“Victoire de l’Art mauricien” est le thème choisi par Denis Stellio, spécialisé en découpage sur verre, pour sa première exposition, tenue au Musée de Port-Louis jusqu’au samedi 1er août. À travers ses oeuvres, au nombre de 29, l’artiste veut faire découvrir le concept de l’art tribal adapté à la culture mauricienne.
La première exposition de Denis Stellio a été inaugurée lundi après-midi en présence du ministre des Arts et de la Culture, Santaram Baboo. L’artiste, à travers ses oeuvres, veut mettre en avant le patrimoine culturel mauricien. En effet, ses 29 tableaux de verre représentent notamment des dodos, des fleurs et des coquillages, bref la nature mauricienne avec le style caractéristique de l’art tribal. Sa créativité, il l’exprime à travers le découpage sur verre, une approche saluée par le ministre des Arts et de la Culture lors de l’inauguration lundi. Santaram Baboo qualifie ces oeuvres de « kaléidoscopes fascinants de l’art visuel contemporain ». Il a également souligné « l’importance d’exprimer la créativité et de fournir aux artistes les infrastructures nécessaires pour répondre aux besoins de ces derniers ».
Les tableaux de Denis Stellio ont recours au style abstrait de l’art tribal pour représenter la nature. On y retrouve le dodo de manière récurrente, vu la portée symbolique de cet animal endémique. L’on retrouve aussi des représentations de la faune et la flore locale. Pour ce qui est de la technique, Denis Stellio a utilisé principalement du verre teinté qu’il retravaille à sa façon tout en utilisant des autocollants pour donner de la vie à ses tableaux en y ajoutant de la couleur, le doré. Ses matériaux viennent principalement d’Amérique. Denis Stellio peut donner vie à un tableau en vingt minutes.
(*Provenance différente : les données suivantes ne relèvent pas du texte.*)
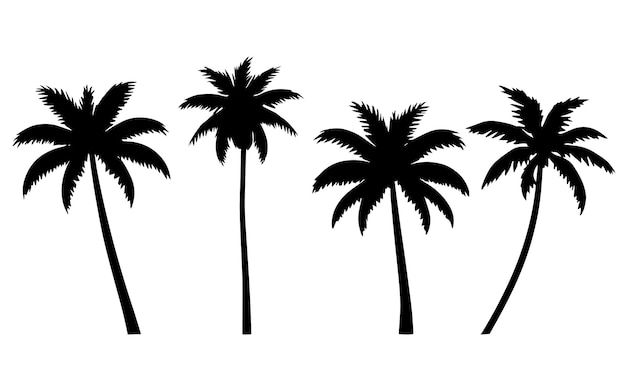 Silueta de palmeras en una playa con diseño plano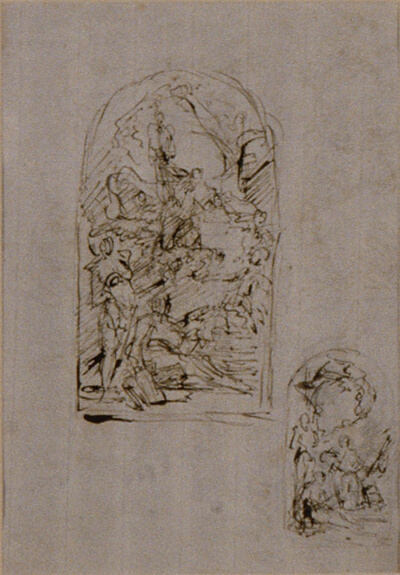 Sketches for an Altar with Saint Margaret of Cortona, Saint Sebastian and Saint Roch (recto); Two Sketches for an Altar (verso)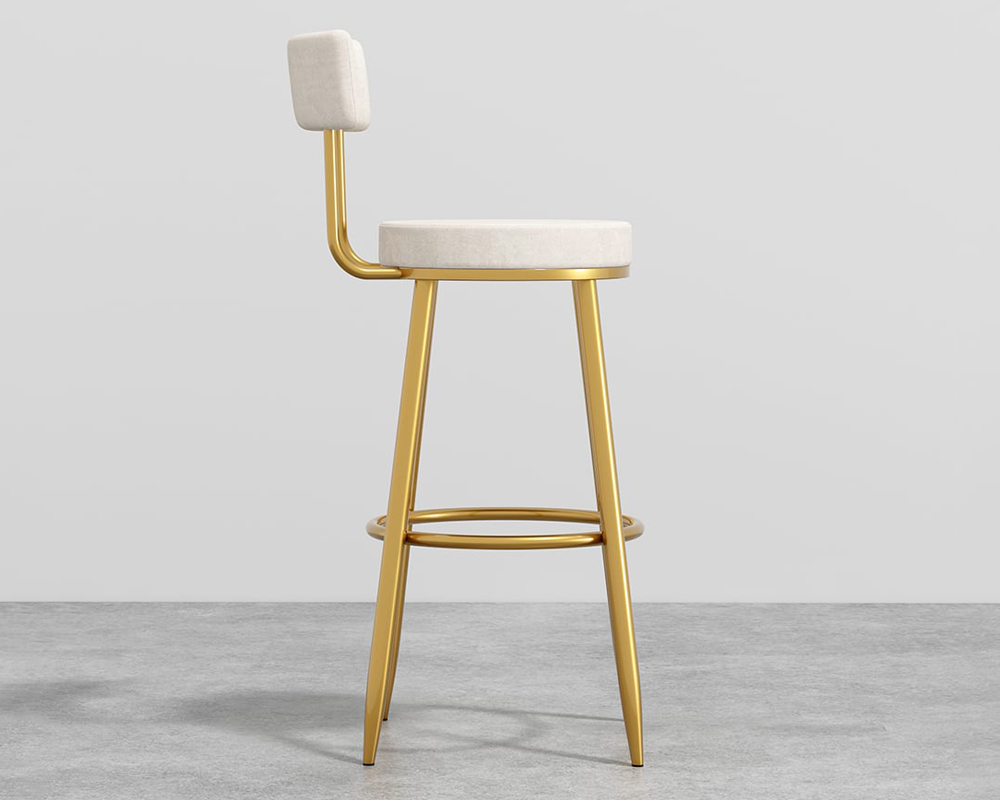 HMR Affordable Luxury Modern Velvet Upholstered Bar Stools - White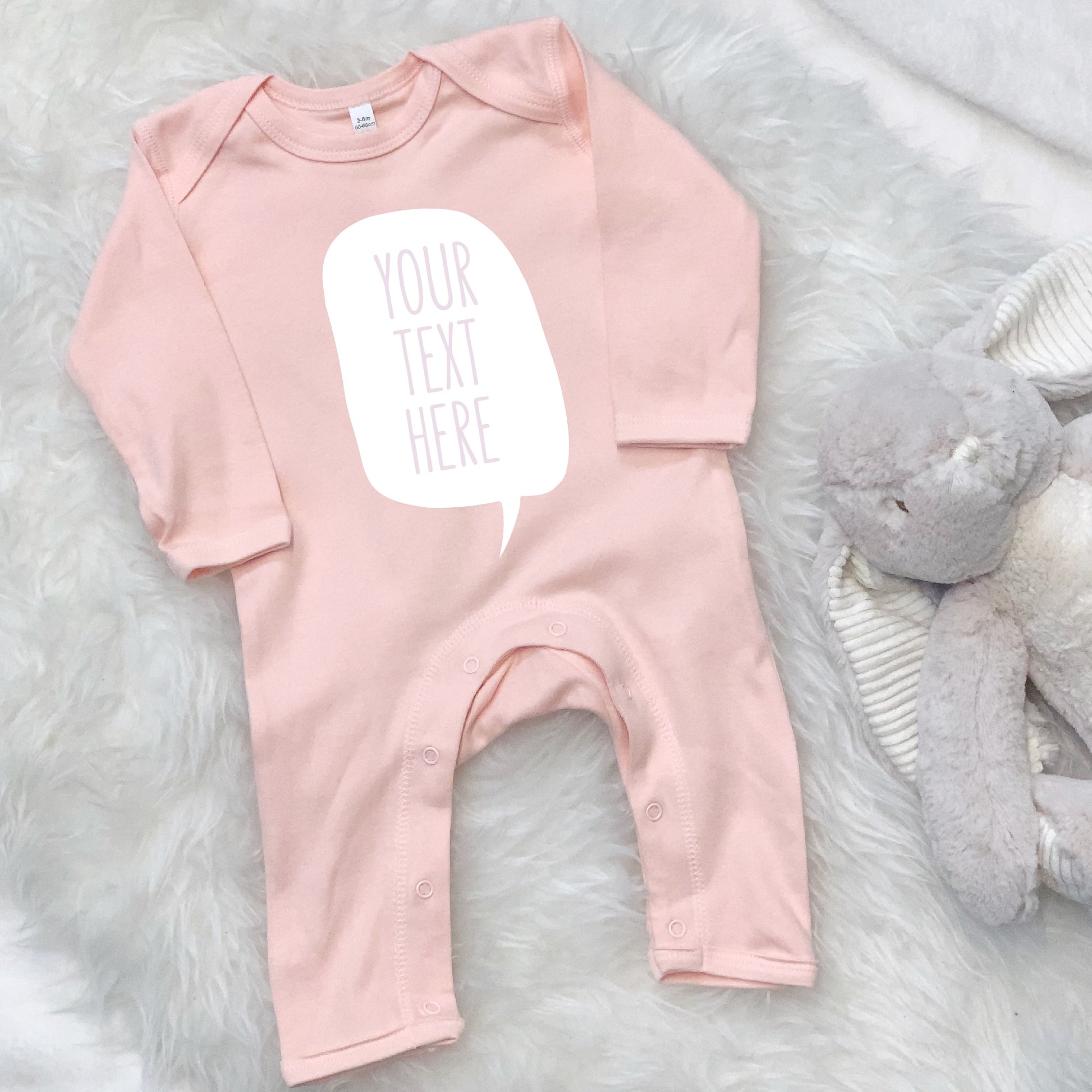 Speech Bubble Personalised Baby Rompersuit - Lovetree Design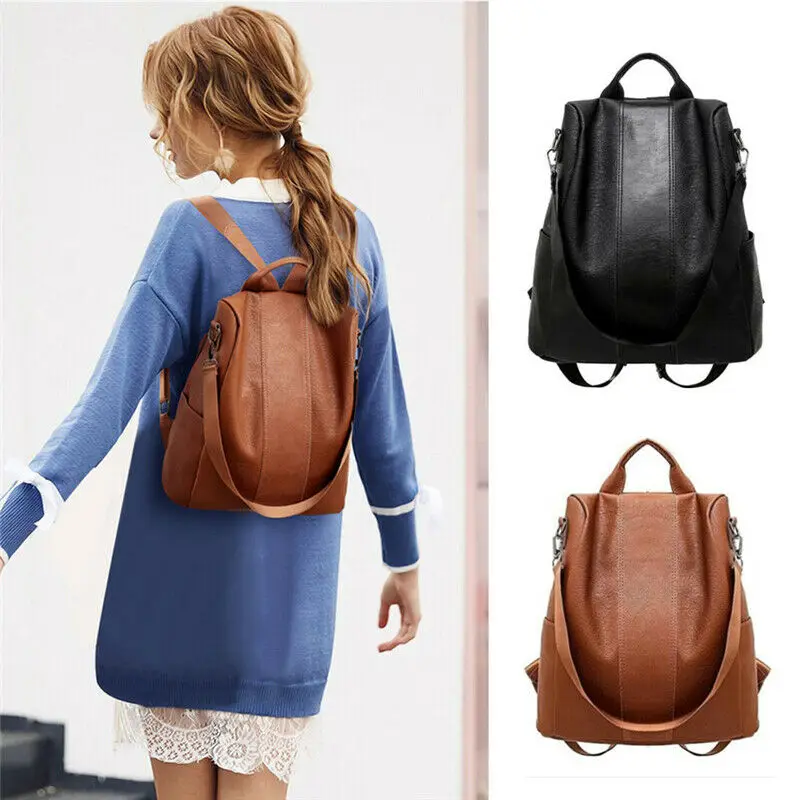 Mochila femenina anti-robo clásica de cuero PU de color sólido mochila canta moda bolso de hombro Mochila femenina anti-robo clásica de cuero PU de color sólido mochila canta moda bolso de hombro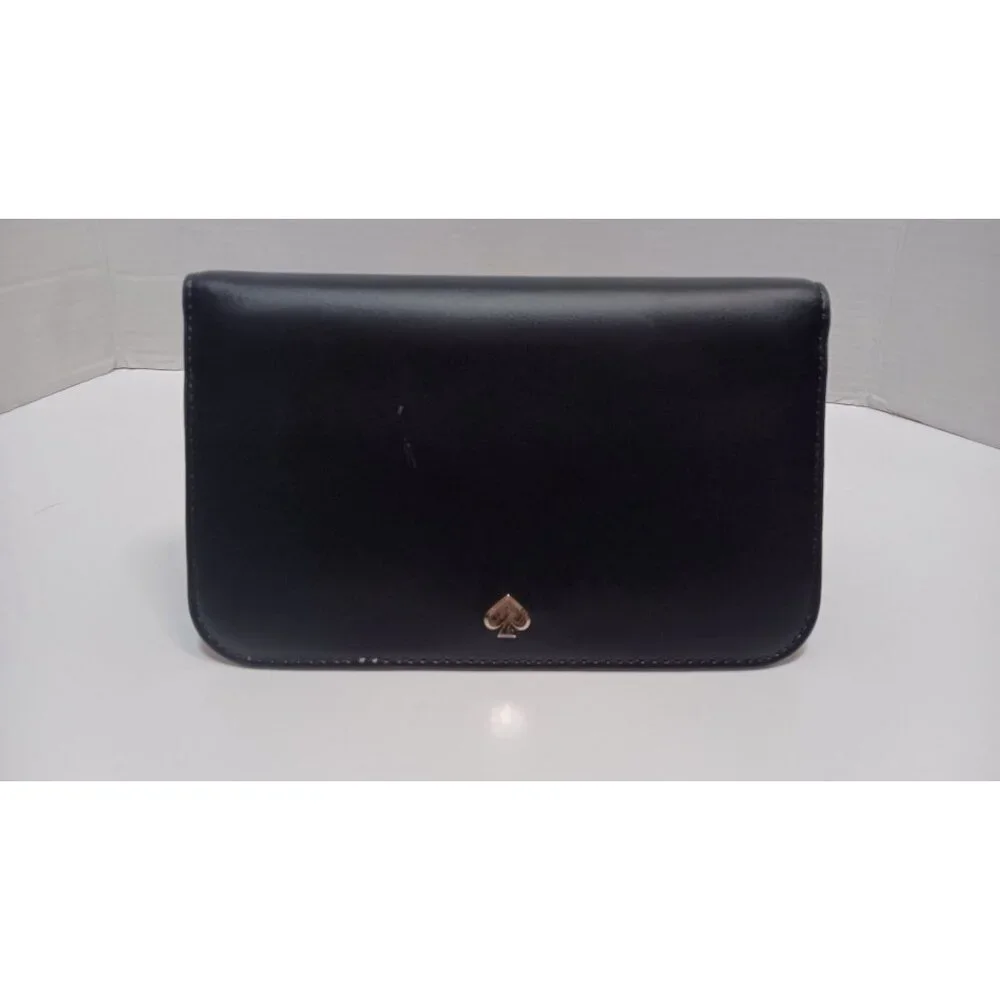 Kate Spade Black Leather Classic Open Large Designer Wallet - Picture 2 of 7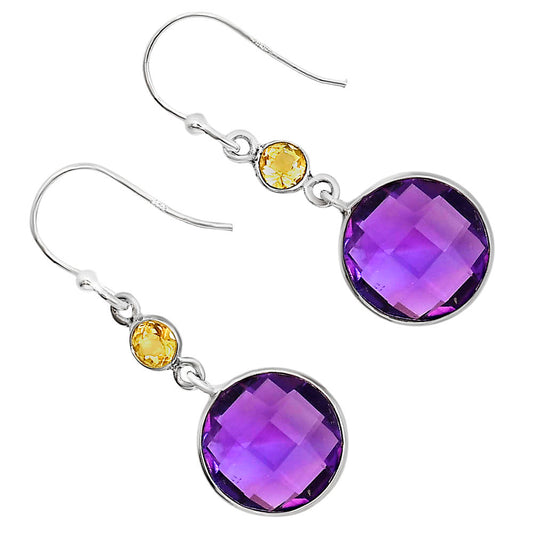 Amethyst Checker Briolette and Citrine Earrings E-1006 SDE91754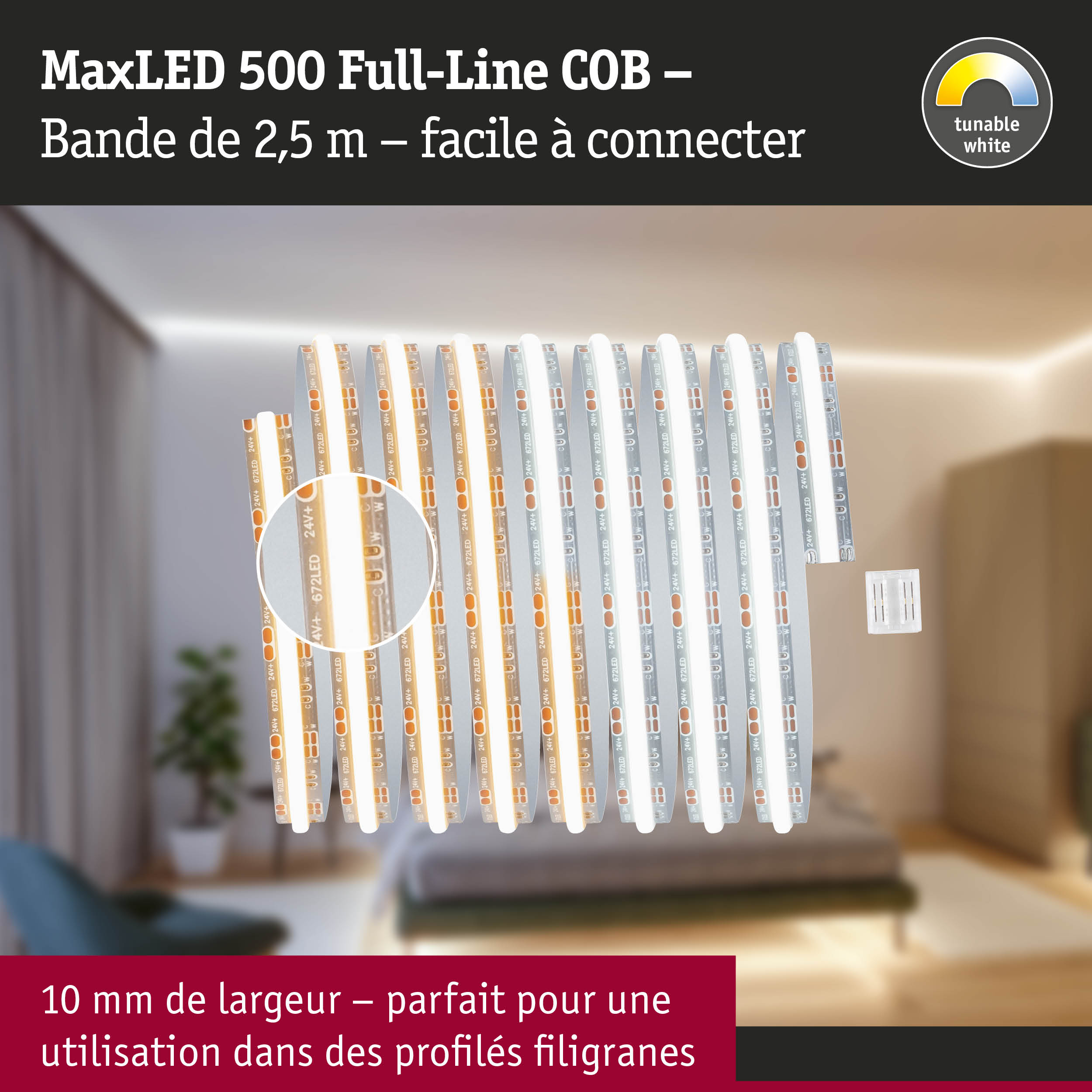 Bande LED MaxLED 500 Full-Line COB 2,5 m avec lumière blanche réglable, idéale pour profils fins de 10 mm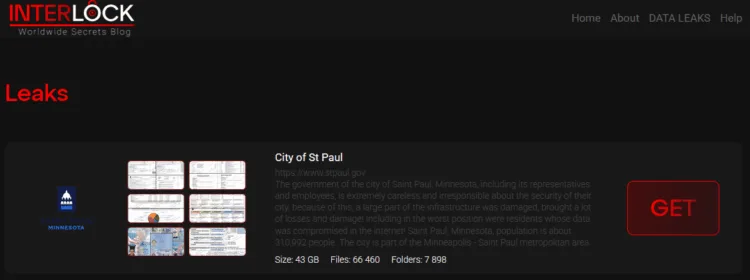 Interlock Ransomware Group Allegedly Breaches City of St. Paul – Leaking 43 GB of Data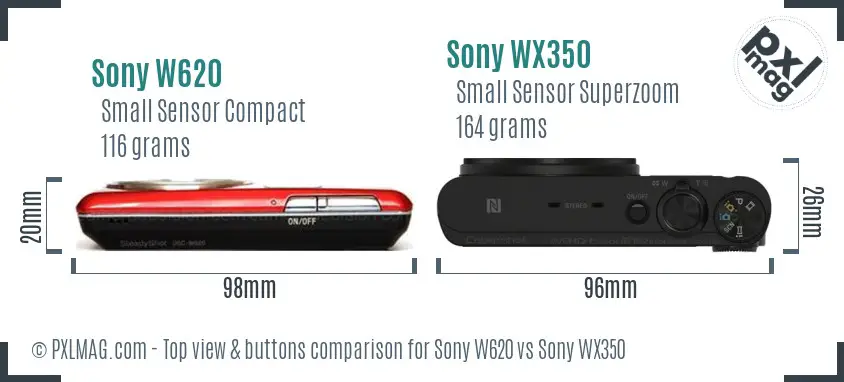 Sony W620 vs Sony WX350 top view buttons comparison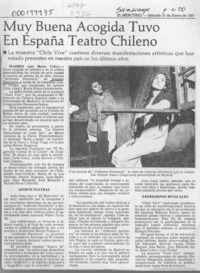 Muy buena acogida tuvo en España teatro chileno  [artículo] Mario Valle.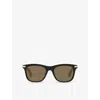 Cartier Womens  Ct0396s Rectangle-frame Tortoiseshell Acetate Sunglasses In Black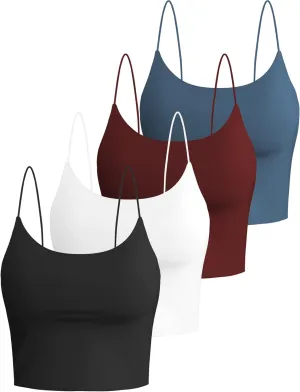 Buauty 4 Packs Crop Tops Spaghetti Strap Tank Tops for Women, Basic cami Crop Tank top Double Lined Camisole Tops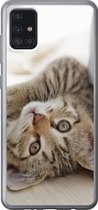 Geschikt voor Samsung Galaxy A52 5G hoesje - Kitten - Zon - Bruin - Meisjes - Kinderen - Jongens - Kindje - Siliconen Telefoonhoesje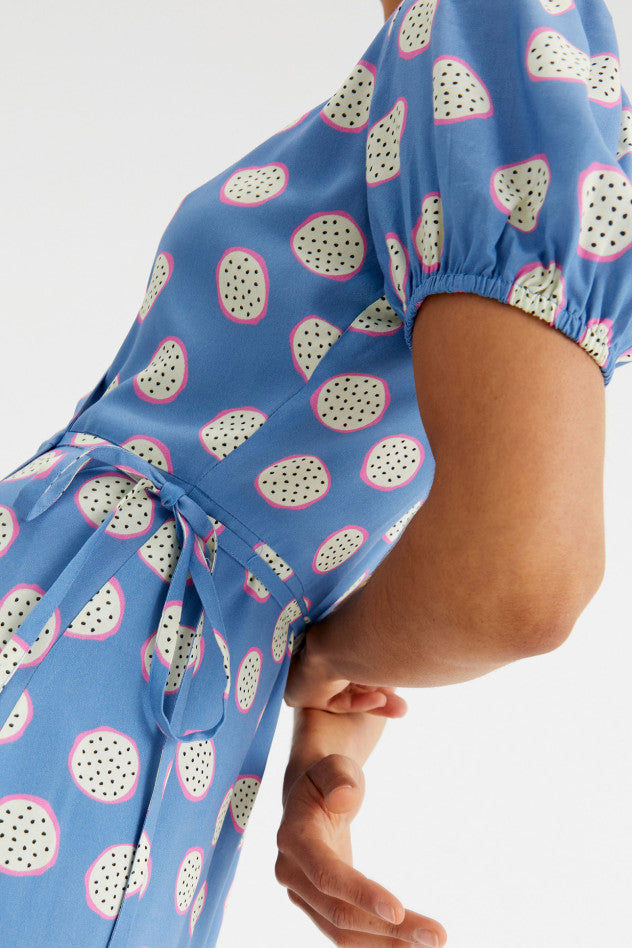Abito midi a vestaglia con fantasia dragonfruit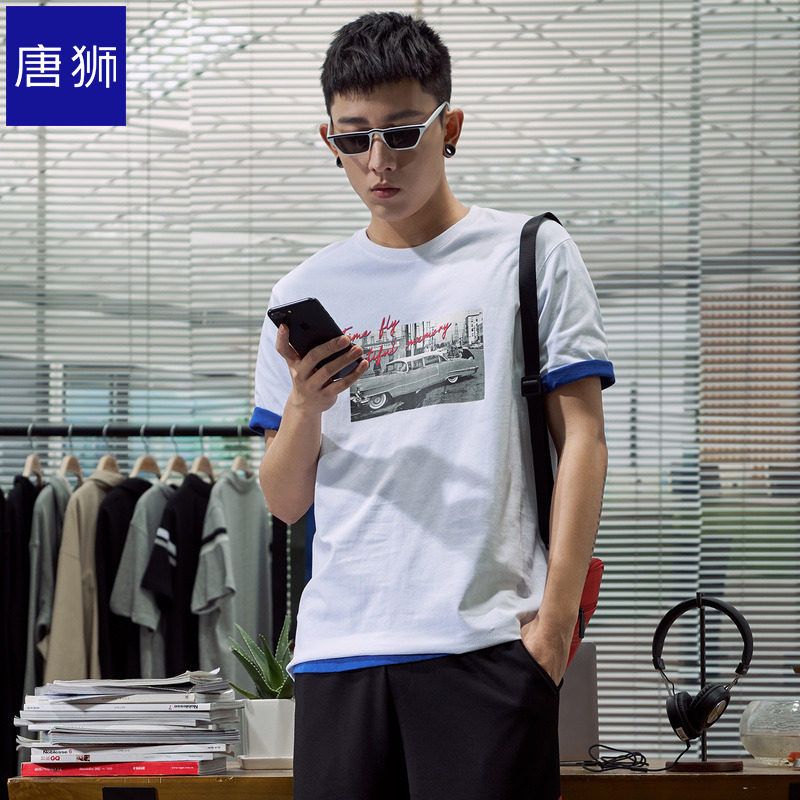 唐狮官方旗舰店夏新款短袖T恤男复古照片印花体恤学生港风ins潮牌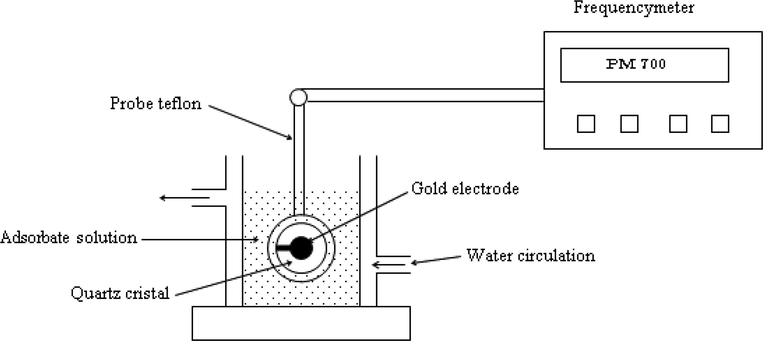 Experimental setup based on Quartz Crystal Microbalance apparatus.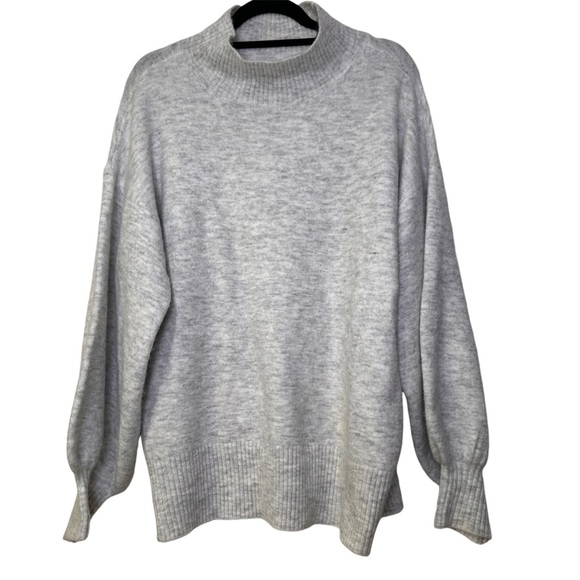 Vince Camuto Women’s MED Light Heather Gray Wool Blend Mock Neck Sweater - Picture 1 of 9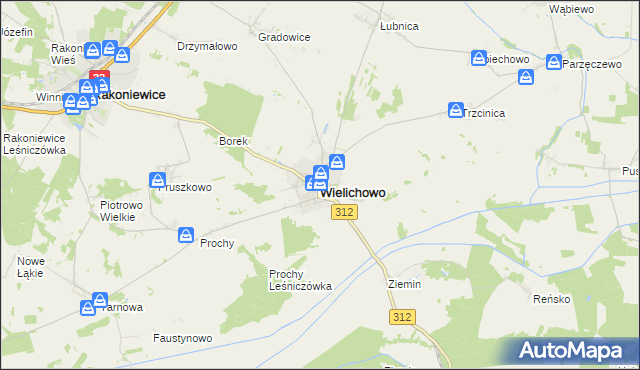 mapa Wielichowo powiat grodziski, Wielichowo powiat grodziski na mapie Targeo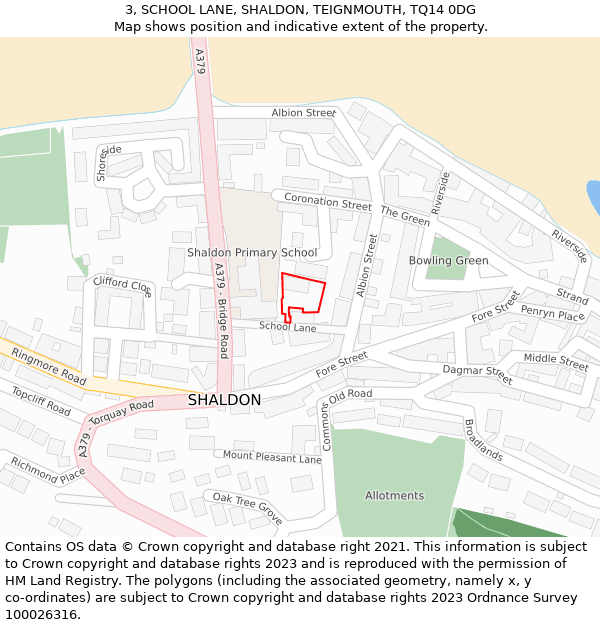 3, SCHOOL LANE, SHALDON, TEIGNMOUTH, TQ14 0DG: Location map and indicative extent of plot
Âgé de 36 ans, Denis Stellio est un artiste dans l’âme que beaucoup connaissent notamment en tant qu’auteur, animateur et tatoueur… À travers son exposition, « c’est un nouveau style, un nouvel art » qu’il cherche à faire découvrir aux Mauriciens. Fervent croyant, il affirme que tout le mérite revient à Dieu, car « c’est de lui seul que me vient mon inspiration ». Un rêve d’enfant qui deviendrait réalité pour l’artiste qui laisse entendre que cette exposition serait « le début d’une histoire sans fin pour mes oeuvres ». Dans son élan, Denis Stellio a tenu à appeler le gouvernement à veiller à ce que les artistes soient reconnus à leur juste valeur en promulguant des lois qui les protègent. « Il n’y a aucune loi protégeant les artistes à Maurice, si cela continue, il n’y aura plus aucun artiste à l’oeuvre », explique l’artiste qui après s’être fait « rejeter par la National Art Gallery ».
L’artiste explique par ailleurs que ses prochaines oeuvres se feront sur du bois et sur de la toile et que chacune de ses expositions évoquera un thème différent. En sus, il rêve d’ouvrir sa propre galerie d’art, où il pourra exposer son travail et le faire connaître aussi bien au niveau local qu’international. Il tient de ce pas à encourager les artistes mauriciens à ne pas hésiter à s’afficher et à se faire connaître. « Nous les artistes on peut innover, être créatif, car on a du potentiel », assure-t-il.
L’artiste met également ses tableaux en vente, leur valeur allant de Rs 3 000 à Rs 10 000. Son expo-vente se tiendra jusqu’au samedi 1er août.